> **What is required**
Reproduce verbatim all of the data given below, but do not carry over the images.

> **Input records**
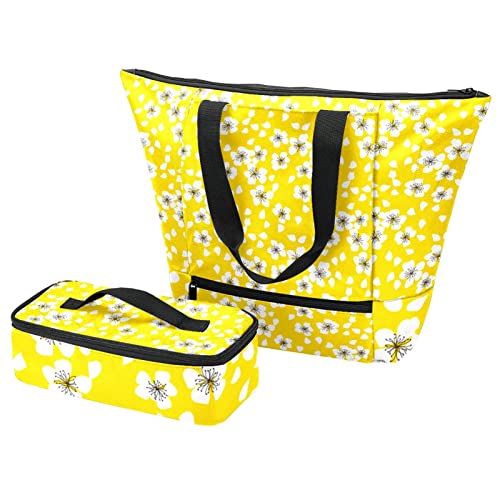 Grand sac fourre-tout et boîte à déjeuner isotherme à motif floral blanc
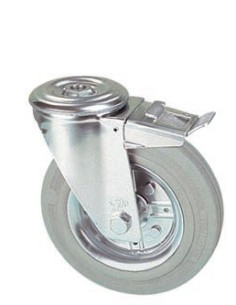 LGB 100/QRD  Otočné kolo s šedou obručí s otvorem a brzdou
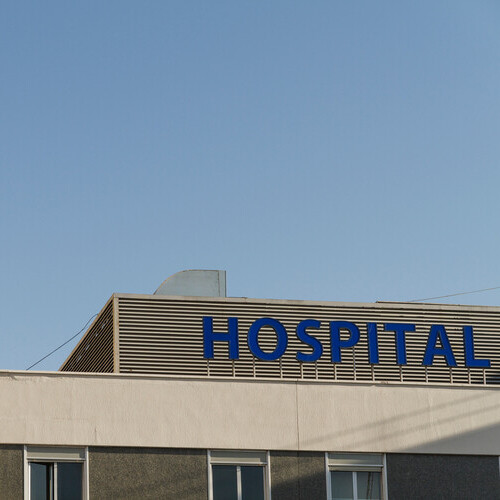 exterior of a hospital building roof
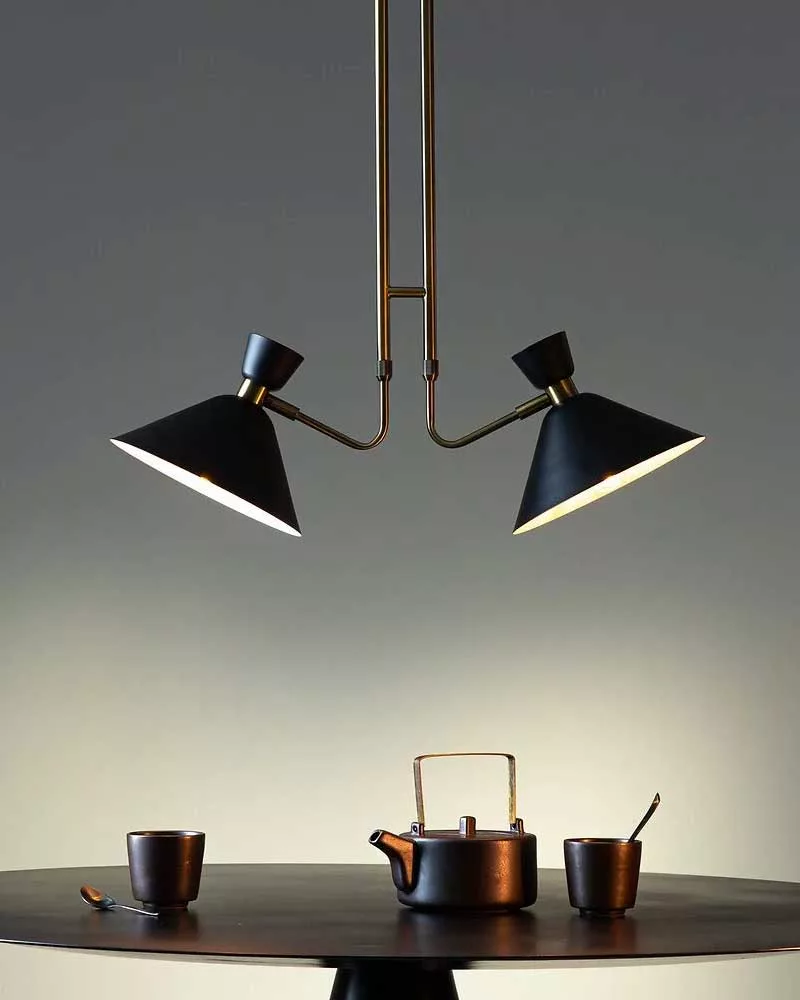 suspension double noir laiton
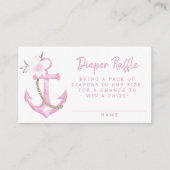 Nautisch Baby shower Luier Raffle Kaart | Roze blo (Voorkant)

> **Solution to this task**
 Grand sac fourre-tout et boîte à déjeuner isotherme à motif floral blanc
 LGB 100/QRD  Otočné kolo s šedou obručí s otvorem a brzdou
 exterior of a hospital building roof
 suspension double noir laiton
 Nautisch Baby shower Luier Raffle Kaart | Roze blo (Voorkant)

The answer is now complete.